Release date: Sep 18, 2020

Then comes Douglas (Wesley Patten), a new student who insists on entrusting Candice with a secret: He’s from another dimension. Another thread of the multiverse, that is, shaken into this timeline by an accidental bump on the head. Convinced that a good fall out of a tree will send him home, he keeps diving from higher and higher branches until Candice distracts him with her friendship.

The whimsy here is undercut by frequent jumps back home, where Candice’s mother’s depression and the ensuing strain with her father are ill-suited to everything else onscreen. The couple had an infant daughter who died a few years ago, and Claire (Emma Booth) never recovered. Jim (Richard Roxburgh), meanwhile, sits in his garage office and sulks, bitter about an old falling out with brother/former business partner Brian (Joel Jackson), unfailingly referred to by Candice as “Rich Uncle Brian.”

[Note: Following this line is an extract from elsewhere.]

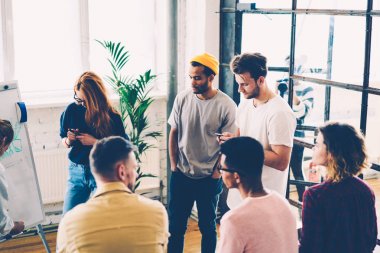 Ofiste ayakta ve eğitim beyin fırtınası sırasında fikirleri tartışmak çeşitlilik hipster çocuklar genç mürettebatı. Studio iç mimari görevinin çözüm üzerinde düşünme erkek ve kadın tasarımcılar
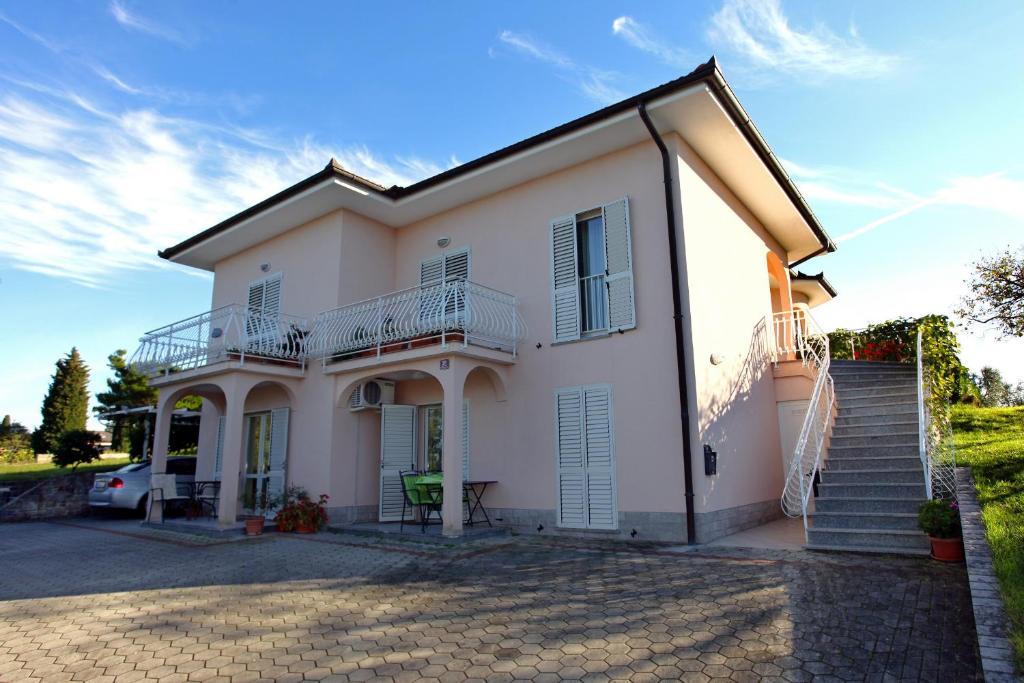 a large white house with a staircase in front at Marija's House in Portorož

Rich Uncle Brian isn’t really such a bad sort, and Candice often calls on him for help in schemes to fix her world. Knowing how enthusiastic Mom used to be about country music, for instance, she tries to turn the dining room into a surprise honky-tonk (ah, those famous Nashville prawn po’boys!).

The contrast between unflappable optimism and deep grief does not play out comfortably in this world of boosted colors, restless pacing and exaggerated tween naivite. Better is the friendship between Candice and the boy she now refers to only as Douglas Benson from Another Dimension. Not responsible for participating in the film’s darker scenes, Patten is free to be the quirky brainiac who doesn’t realize his space-time calculations are all bunk. Who cares about string theory, anyway, when you’re falling in love?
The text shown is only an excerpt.